# Task goal
Every record must come back exactly as given.

Crawled caption data:
++++
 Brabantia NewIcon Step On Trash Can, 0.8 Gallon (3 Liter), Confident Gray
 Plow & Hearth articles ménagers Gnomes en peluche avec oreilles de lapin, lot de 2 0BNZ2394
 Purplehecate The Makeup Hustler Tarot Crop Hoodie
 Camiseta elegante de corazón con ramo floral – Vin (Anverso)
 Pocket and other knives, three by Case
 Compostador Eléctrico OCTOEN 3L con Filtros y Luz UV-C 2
++++
# Solution below
 Brabantia NewIcon Step On Trash Can, 0.8 Gallon (3 Liter), Confident Gray
 Plow & Hearth articles ménagers Gnomes en peluche avec oreilles de lapin, lot de 2 0BNZ2394
 Purplehecate The Makeup Hustler Tarot Crop Hoodie
 Camiseta elegante de corazón con ramo floral – Vin (Anverso)
 Pocket and other knives, three by Case
 Compostador Eléctrico OCTOEN 3L con Filtros y Luz UV-C 2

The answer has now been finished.